# Exercise aim
Give back an exact copy of the listing that follows, without the pictures.

# Collected data
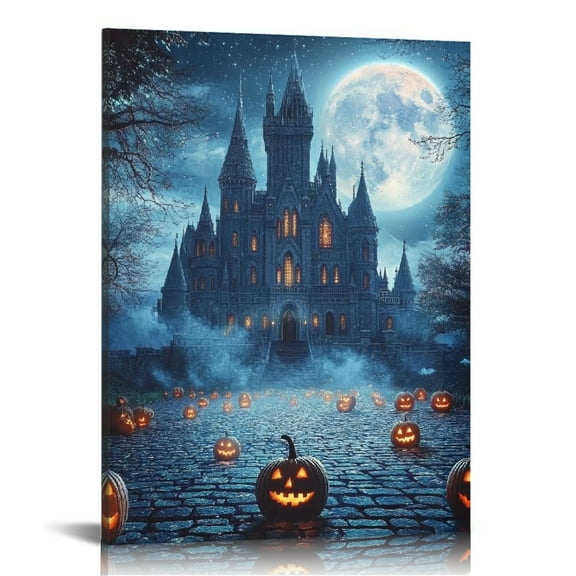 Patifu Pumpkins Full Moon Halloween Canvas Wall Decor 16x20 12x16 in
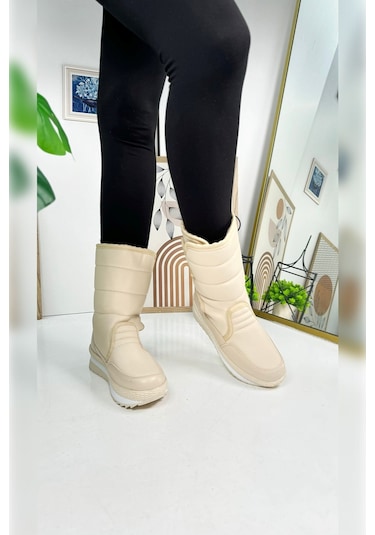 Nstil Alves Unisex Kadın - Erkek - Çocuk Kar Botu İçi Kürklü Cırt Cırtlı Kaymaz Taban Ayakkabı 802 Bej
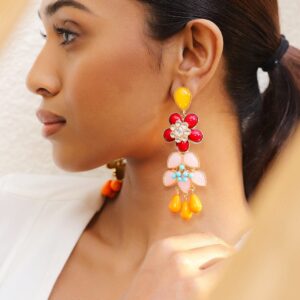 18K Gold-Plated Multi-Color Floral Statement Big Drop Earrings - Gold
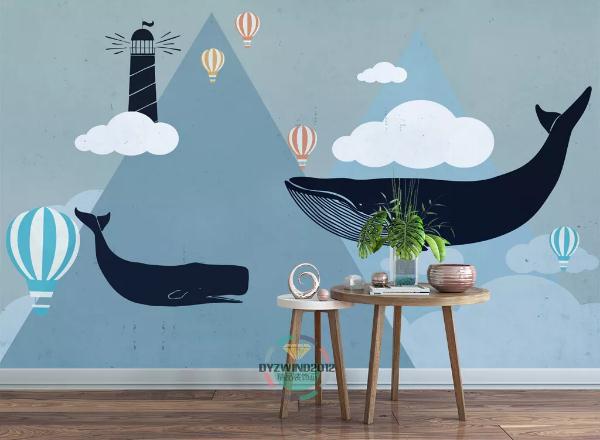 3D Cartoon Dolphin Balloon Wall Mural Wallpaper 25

# Exercise answer
 Patifu Pumpkins Full Moon Halloween Canvas Wall Decor 16x20 12x16 in
 Nstil Alves Unisex Kadın - Erkek - Çocuk Kar Botu İçi Kürklü Cırt Cırtlı Kaymaz Taban Ayakkabı 802 Bej
 18K Gold-Plated Multi-Color Floral Statement Big Drop Earrings - Gold
 3D Cartoon Dolphin Balloon Wall Mural Wallpaper 25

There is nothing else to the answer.